Węgrzy mają pretensje do Polaków! "Wojciech Nowicki powinien milczeć"

Węgierskie media nie są zadowolone z protestu, po którym przyznano Wojciechowi Nowickiemu brązowy medal na mistrzostwach świata w Katarze. Węgrzy piszą, że Polacy chcieli unieważnić medal ich reprezentanta, a takich spraw nie powinno się załatwiać przy "zielonym stoliku".
Zobacz wideo

Pierwotnie naszego młociarza sklasyfikowano na czwartym miejscu. Ale dzięki nagraniu zrobionym przez wiceprezesa PZLA Marka Fostiaka polska ekipa złożyła protest i dowiodła, że notowany na trzecim miejscu Bence Halasz spalił swój najlepszy rzut. IAAF przyznało zatem dwa brązowe medale. Sport.pl dostał to nagranie.

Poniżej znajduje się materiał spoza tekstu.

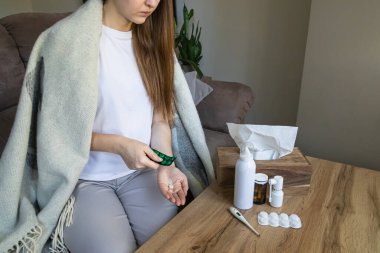 Hasta genç kadın su toplayıcıdan tablet hapı, grip ilacı, yüksek ateş ve viral enfeksiyon tedavisi, evde sağlık ve iyileşme tedavisi alıyor..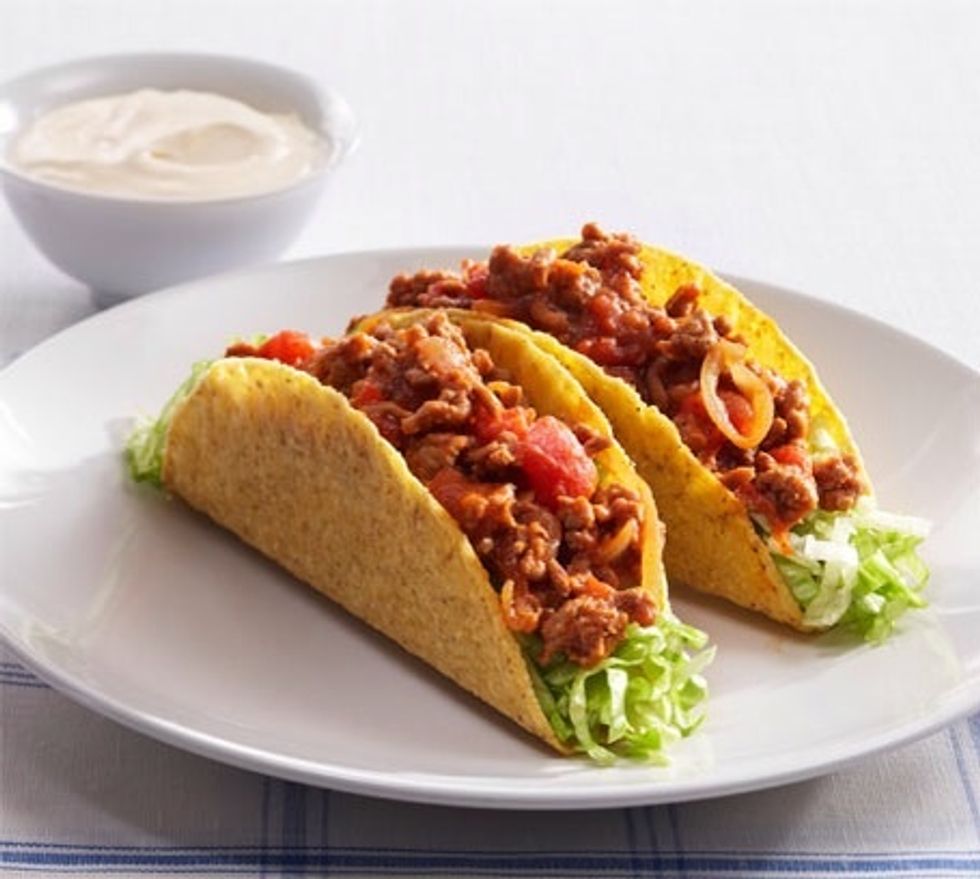 One taco with all the fillings will average 198 calories. 11.9 grams of fat equals to 53% of these calories, 14.6 grams of carbs equals to 28% and 9.3 grams of protein equals to 19% of these calories.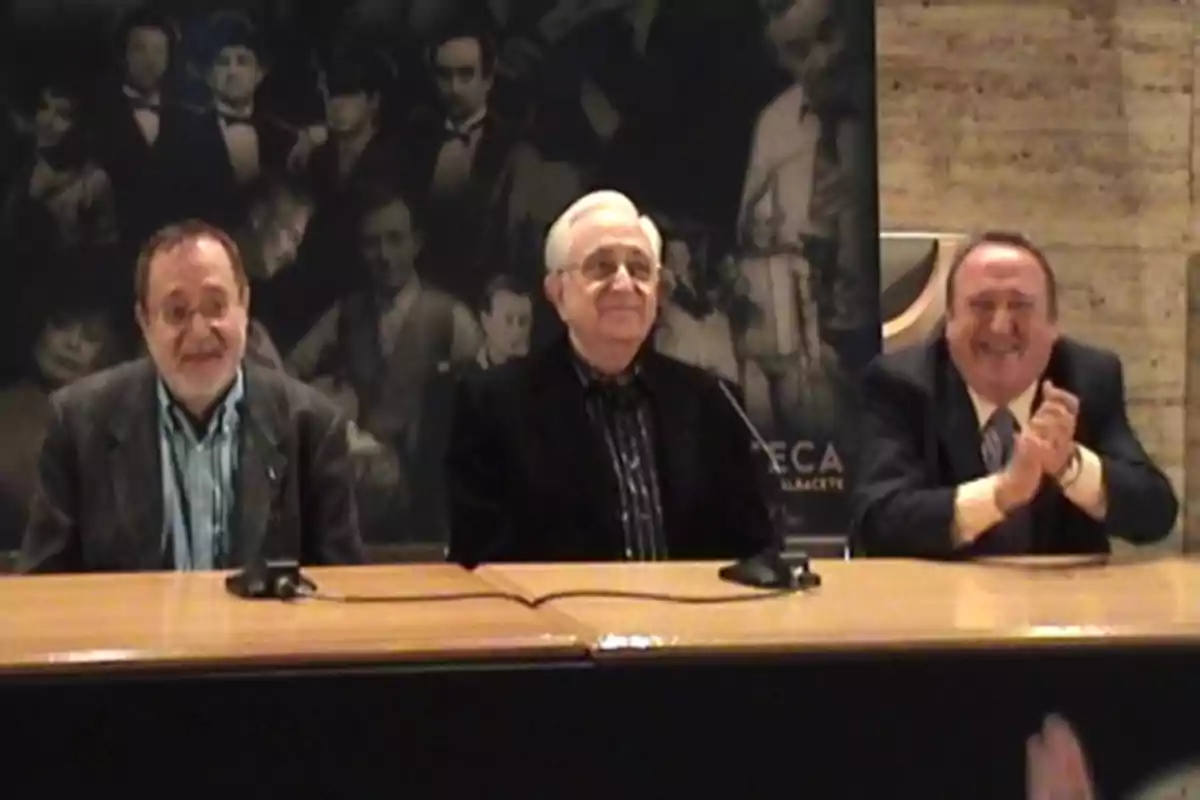Tres hombres sentados detrás de una mesa en una conferencia de prensa, con un fondo de imágenes en blanco y negro de figuras históricas. Tres hombres sentados detrás de una mesa en una conferencia de prensa, con un fondo de imágenes en blanco y negro de figuras históricas.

Cała sytuacja mocno nie spodobała się węgierskim mediom. Sam Halasz tłumaczy się, że... wcale nie wypadł z koła. - Nie czułem nadepnięcia; na powtórkach widać, że nie popełniłem błędu. Materiał wyraźnie pokazuje, że byłem w okręgu. A wewnętrznej krawędzi możesz dotykać, to nie jest zakazane  - mówi młociarz. Powtórki pokazują jednak co innego. 

Węgierskie media zarzucają Polakom oprotestowanie wyniku

Węgrzy dodają, że Nowicki to młociarz wielkiego kalibru, który w środę nie miał swojego dnia i powinien to zaakceptować. - W tym momencie może lepiej milczeć i zaakceptować, że to nie był jego dzień. Taki jest sport, coś podobnego przydarzyło się też innym - czytamy w nemzetisport.hu.

Znany węgierski portal sportowy jest zażenowany całą sytuację. - Decyzja organizatorów pogorszyła sytuację, ponieważ przesłanie dla kibiców nie mogło być gorsze. Jedną z głównych atrakcji lekkoatletyki jest to, że jest to sport mierzalny, dzięki czemu można jasno określić, kto jest zwycięzcą, a kto przegrany. Teraz jednak sytuacja jest taka, że zawodnik rzuca pół metra bliżej, i  ma medal takiego samego koloru.